Chi si muove all'avanguardia nel mondo dell'arte, vede continue prove della miopia di chi fa cultura nel Paese. Massimiliano Gioni, direttore artistico della Fondazione Trussardi e stimato curatore internazionale (dal New Museum di New York alla Biennale di Seul), cita l'esempio della prossima Biennale di Venezia: «Affidare la cura del Padiglione Italia a un critico poco amante del contemporaneo come Vittorio Sgarbi (che ieri ha rassegnato le dimissioni in polemica con Galan ndr) dimostra la totale assenza di leadership delle istituzioni». Gioni, che difende il ruolo di talent scouting e supplenza svolto delle fondazioni private, vede un segnale di risveglio nelle recenti aperture del Maxxi e del Macro a Roma e del Museo del Novecento a Milano.
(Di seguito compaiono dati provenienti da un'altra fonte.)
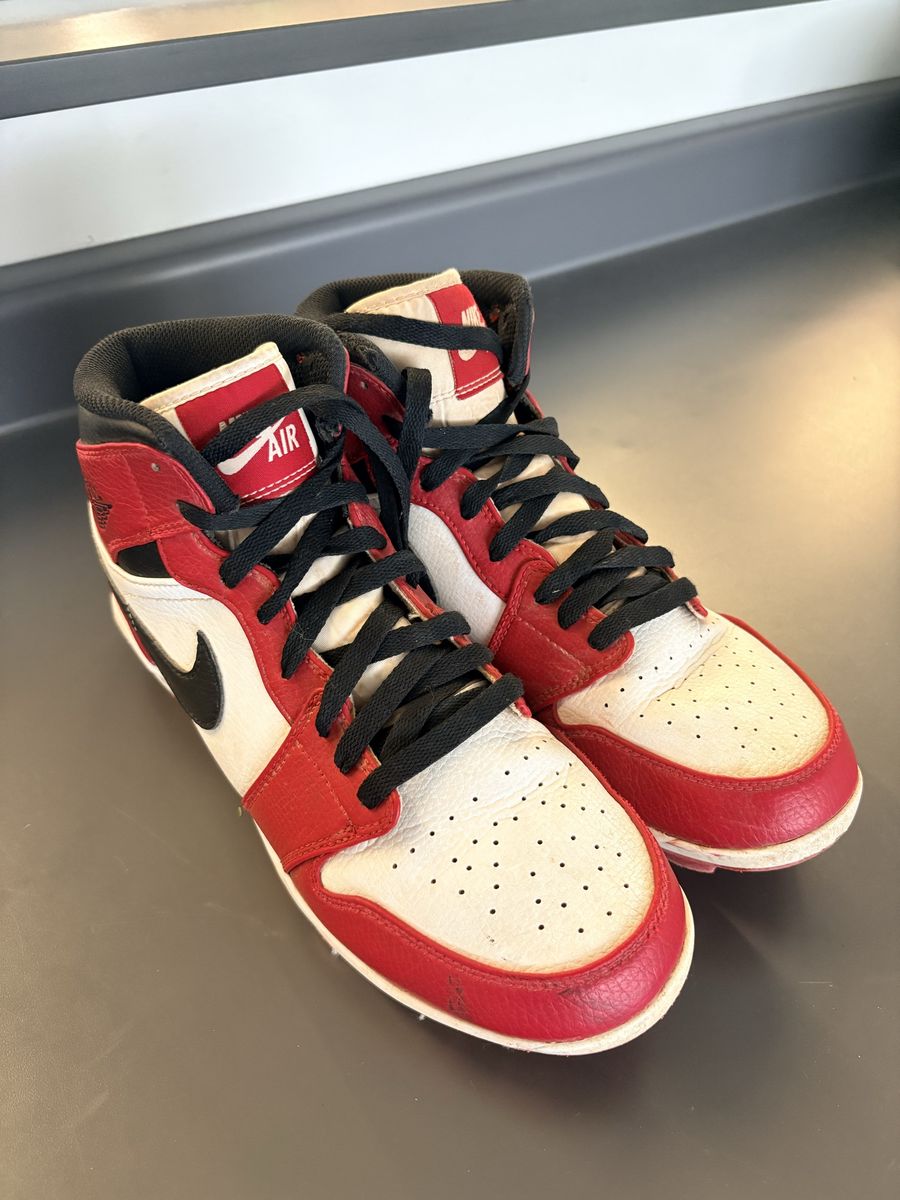 Nike Air Jordan 1’s Mid Baseball Cleats! Size 8.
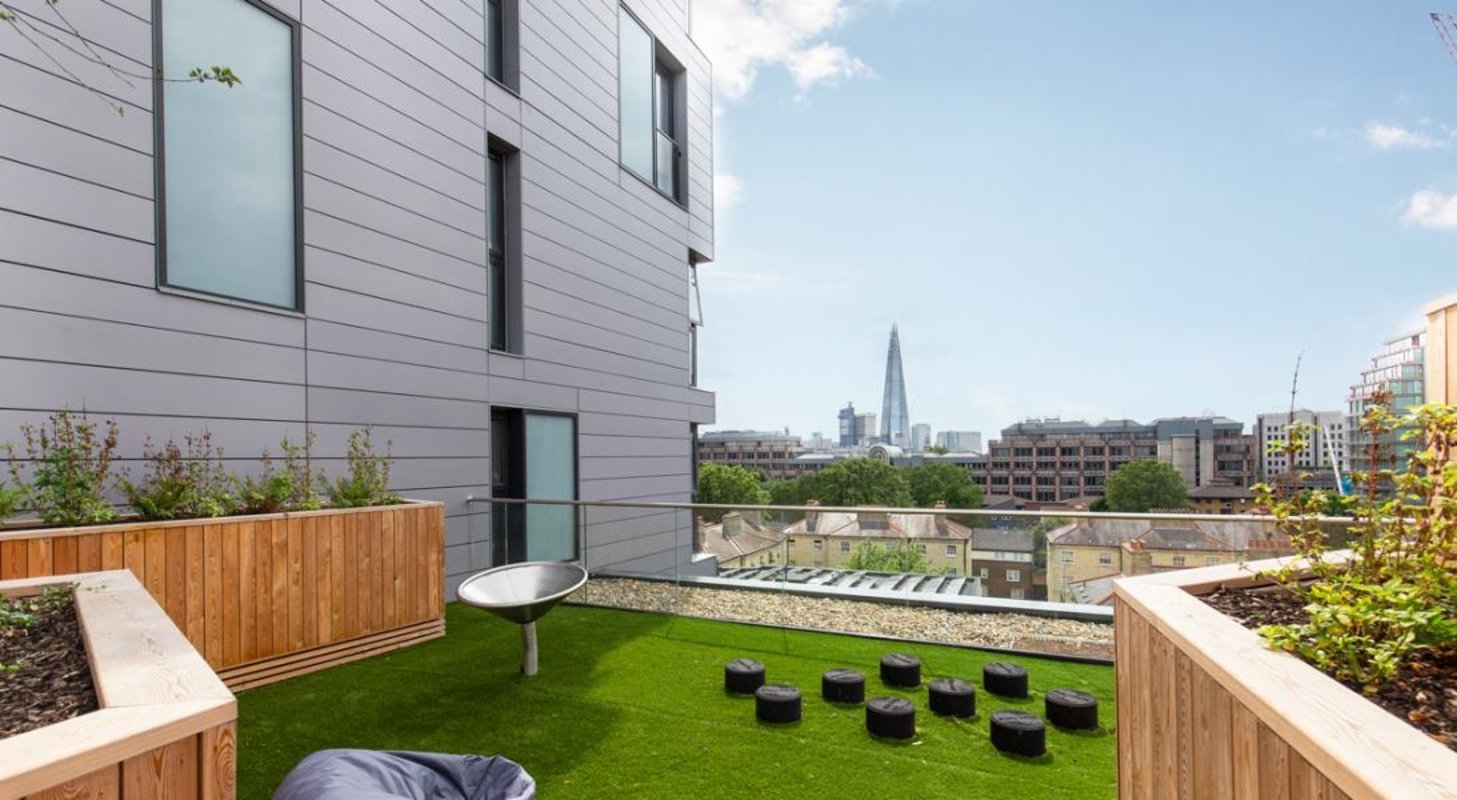 Apartment-let-agreed-Aldgate-london-2989-view9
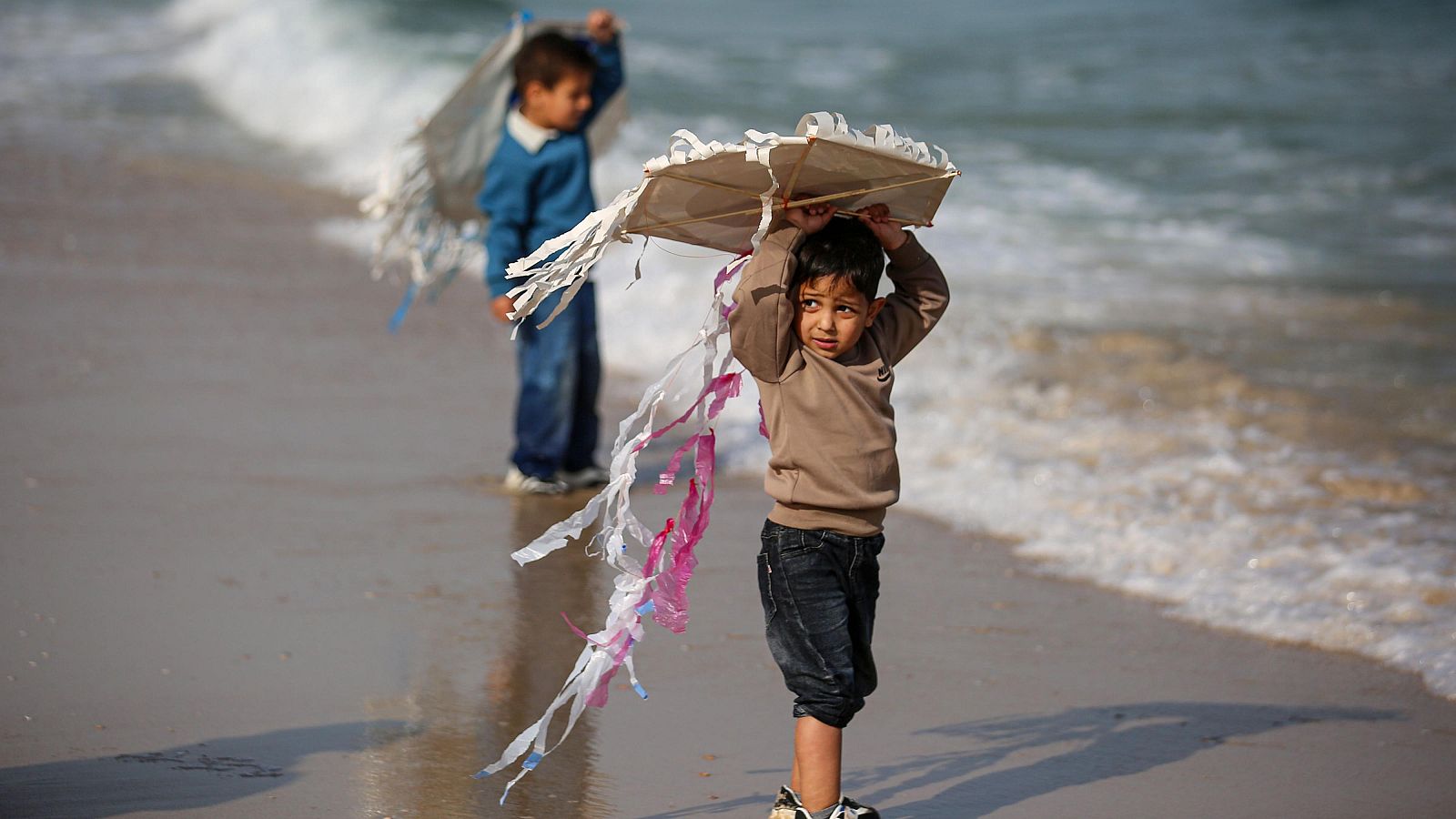Dos niños con cometas en la plaza de Nuseirat en la Ciudad de Gaza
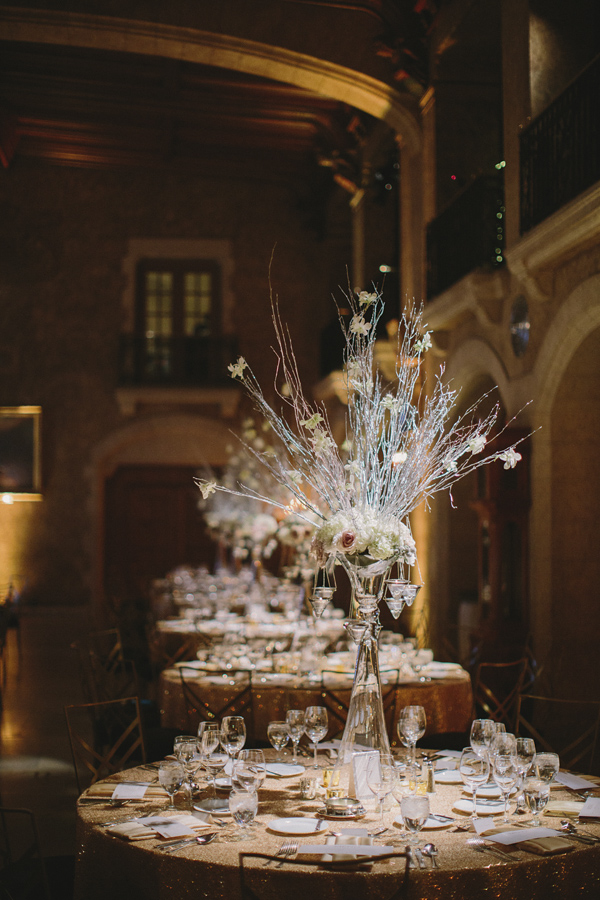 white and gold winter wedding at Fairmont Banff Springs, photo by Gabe McClintock | via junebugweddings.com white and gold winter wedding at Fairmont Banff Springs, photo by Gabe McClintock | via junebugweddings.com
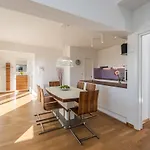 Penthouse With Roof Terrace With Jacuzzi Zadar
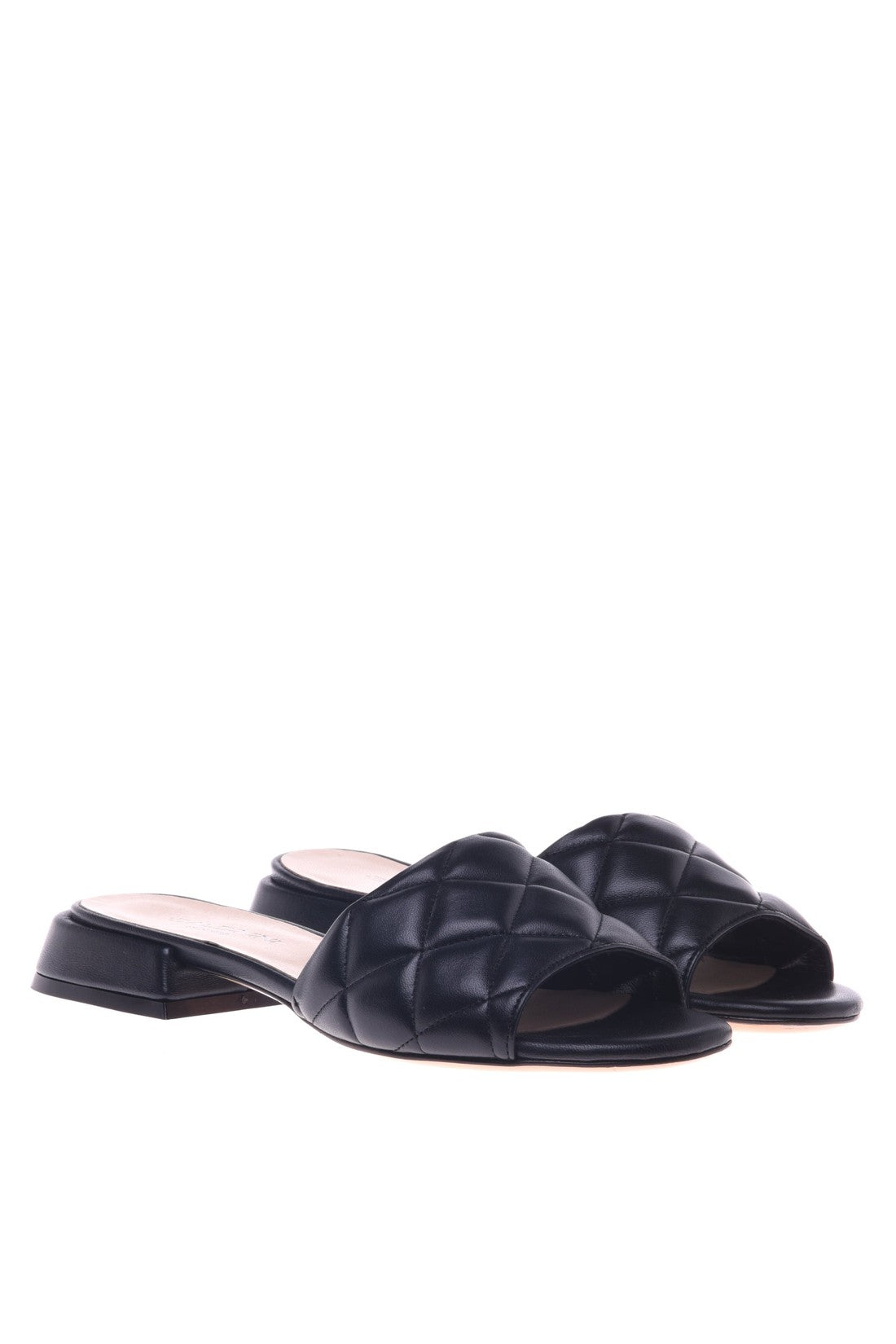 Slipper in black quilted leather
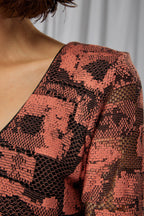 Robe Pete En Dentelle Brutaliste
Progetti che, come spiega Pio Baldi,presidente del Maxxi con una lunga carriera ministeriale alle spalle, nascono per rispondere in maniera propositiva alla domanda: «Perché si guarda sempre indietro?».
«Le istituzioni italiane sono state a lungo attente alla conservazione di un passato illustre - conferma - eppure l'obiettivo del Maxxi è creare quelli che saranno i beni culturali di domani».
La strada tuttavia è ancora lunga. Lo spiega bene Gioni: «Artisti come Maurizio Cattelan e Francesco Vezzoli, l'architetto Renzo Piano, lo scrittore Roberto Saviano, il regista Paolo Sorrentino, non sono il nuovo made in italy ma eccellenze globali».
È s stato un premio Nobel per la fisica italiano con cittadinanza statunitense, Riccardo Giacconi, a dare la ricetta per il nuovo Rinascimento: «Michelangelo diventò un grande artista perché aveva un muro da affrescare e io in Italia non avevo un muro».